While these below seasonal draws are bullish, as is the inventory picture in crude and diesel, high gasoline inventories in addition to robust overall crude and petroleum inventories will limit upside price potential for oil and is one reason why prices will probably be rangebound for much of the year. The inventory picture for crude oil is more bullish than at this stage last year, but overall is not enough to see prices rally to triple digits in my opinion.
However, that doesn’t mean inventory draws below seasonal averages can’t continue. Importantly, refinery margins (crack spreads) are improving which will incentivize refineries to increase throughput and thus increase crude oil demand.
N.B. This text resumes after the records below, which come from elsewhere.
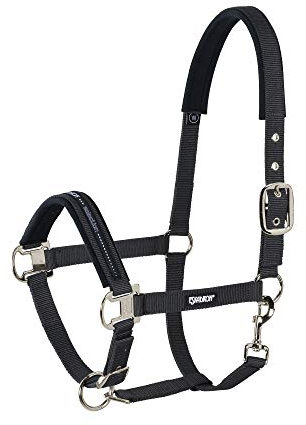 Halfter PIN BUCKLE CORE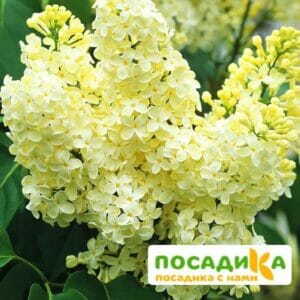 Сирень Примроуз (Primrose) купить по цене от 529.00р. в интернет-магазине «Посадика» с доставкой почтой в в Алексине и по всей России – [изображение №1].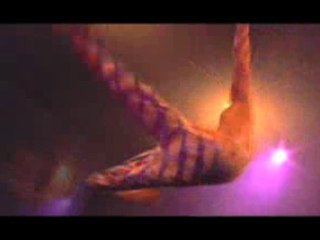 Cirque Éloize - Événements spéciaux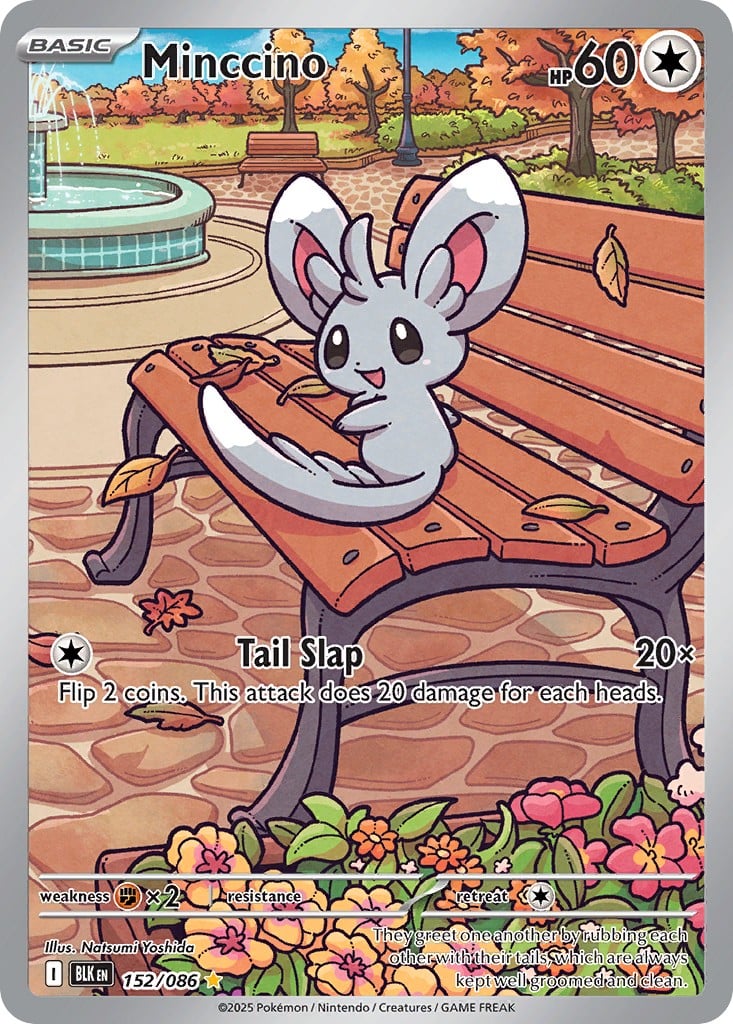 Minccino - Image 1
Likewise, a backwardated term structure will continue to incentivize inventory draws as opposed to inventory builds. That gasoline cracks continue to move higher along with still elevated diesel cracks is undoubtedly positive (a trend being confirmed via both Singapore and European gasoil and gasoline cracks), while the fact that gasoline cracks are rising while gasoline inventories are starting the year at much higher levels than 2023 is also comforting.
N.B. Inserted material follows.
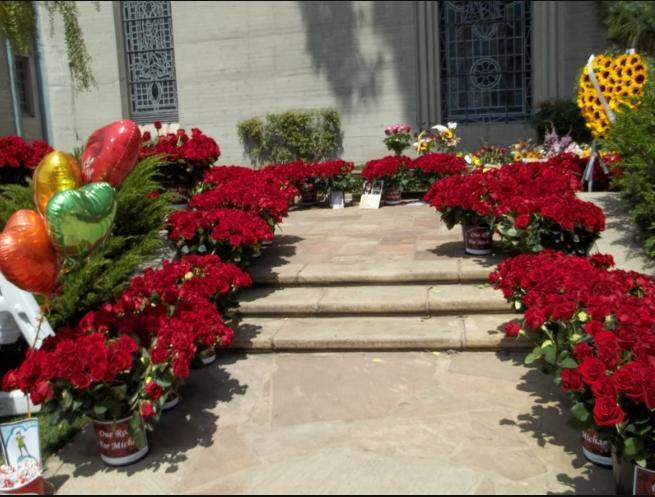 forestlawn250620111353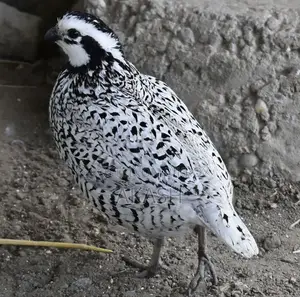 Snowflake Bobwhite Quail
If we see continued crude draws and an increase in gasoline/diesel draws as the colder weather abates, coupled with increased refinery demand from robust crack spreads this would be highly supportive of prices, particularly as refinery crude input and utilization rates have dropped amid cold weather induced disruptions and seasonal maintenance.
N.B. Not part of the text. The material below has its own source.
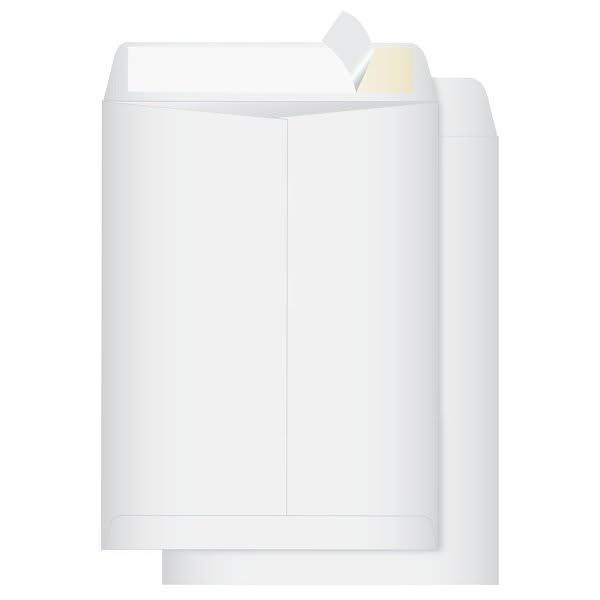 Catalog Envelopes N1804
What also has me continuing to lean bullish is speculative positioning. Managed money (hedge funds and CTAs) were positioned in crude oil as bearish as they have ever been in December. And, as we can see below, even though a liquidation of shorts has taken place over the past few weeks, there remains plenty of scope for upside buying by managed money that could fuel a rally into the high $80s and even low $90s should the fundamentals hold steady over the coming months. Such bearish extremes in managed money are perhaps the best predictor of future price action and continue to suggest price asymmetry is skewed to the upside.
In addition, now that the futures market has returned to a state of backwardation will incentivize speculators to buy back shorts as the cost of holding such positions increases dramatically due to the negative roll yield associated with a term structure in backwardation. But, having said that, similar to the current state of inventories, because positioning in gasoline and diesel futures is far less bullish, this remains another reason why I don’t see a rally much higher than $90 to be on the cards anytime soon.
Again, that doesn’t mean crude oil prices won’t rally further from here. Indeed, from a seasonality perspective, we are about to enter one of the most favorable periods of the year.
One factor that will go a long way to determining whether this rally can continue is OPEC+ production and how stringent Saudi Arabia and the cartel are in implementing their production cuts throughout 2024. Though it may only be for a short time, I suspect OPEC+ compliance will be enough to buoy prices as 2023 production cuts are carried into 2024. Saudi Arabia is set to enter 2024 producing around one million b/d less than they were at the beginning of 2023.
While my overall take on the oil market remains bullish in the short-term, I do believe oil prices will probably be somewhat rangebound throughout 2024, and I certainly do not think 2024 is the year of triple-digit oil. For now, given that total petroleum inventories are at relatively robust levels and non-OPEC production growth should continue into 2024 (though as a slower pace than 2023), the upside is probably capped for the time being, barring any major geopolitical escalation.
As such, while things look good for now and prices should continue to be supported through Q1, look to take profits in oil and energy-related positions as we see managed money positioning reach levels of extreme bullishness, along with a deterioration in physical market indicators.